======== DATA FOR THIS EXERCISE

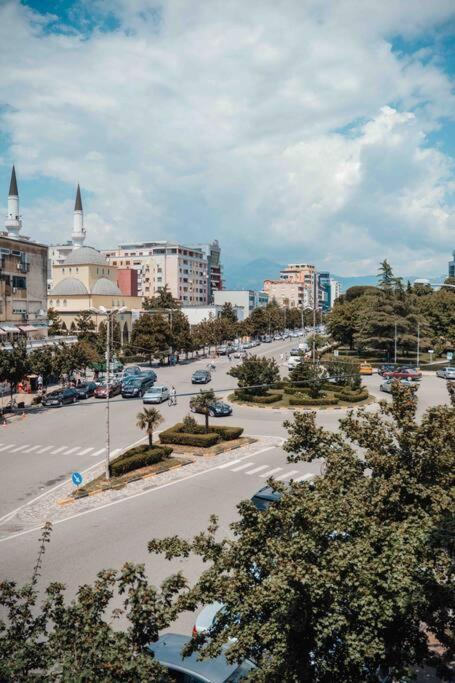 Drago House, City Center Location Apartment Shkoder Exterior photo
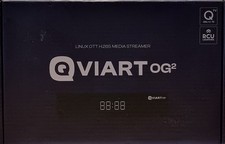 Qviart OG2S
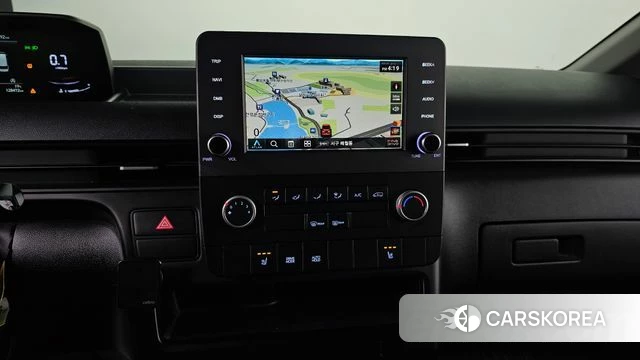 Hyundai Staria 2021 Черный из Кореи, фото 3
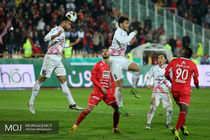 ساعت بازی تراکتور و پرسپولیس مشخص شد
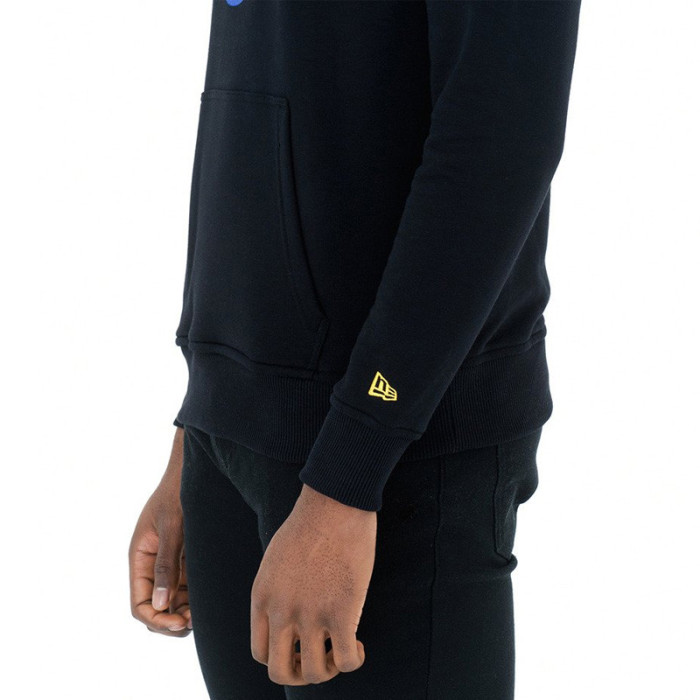 Sweat à capuche New Era Golden State Warriors - Ref. 11530759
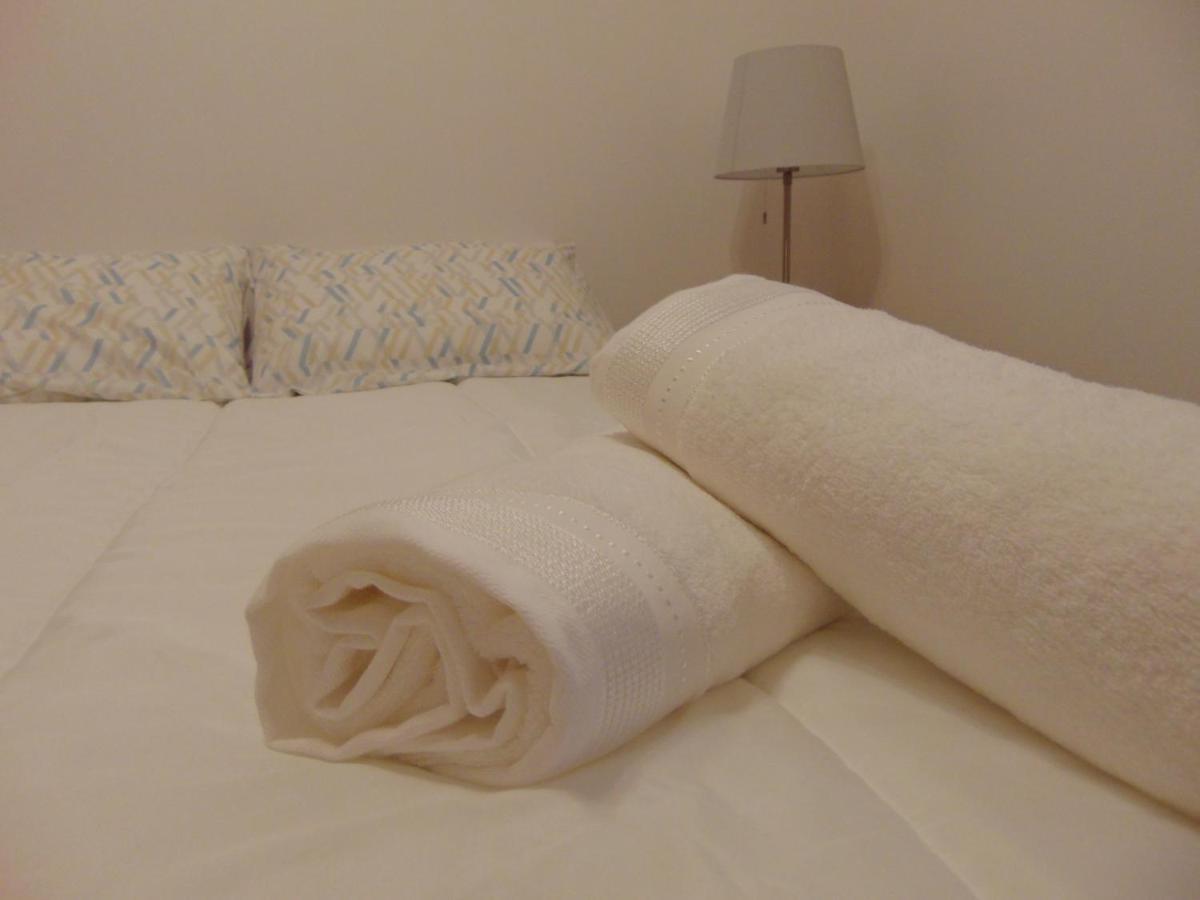 Ocean Dream Apartment- Air Condition ฟุงชาล ภายนอก รูปภาพ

================

TASK INSTRUCTIONS: Write the listing out exactly, apart from its pictures.

FINISHED EXERCISE:
 Drago House, City Center Location Apartment Shkoder Exterior photo
 Qviart OG2S
 Hyundai Staria 2021 Черный из Кореи, фото 3
 ساعت بازی تراکتور و پرسپولیس مشخص شد
 Sweat à capuche New Era Golden State Warriors - Ref. 11530759
 Ocean Dream Apartment- Air Condition ฟุงชาล ภายนอก รูปภาพ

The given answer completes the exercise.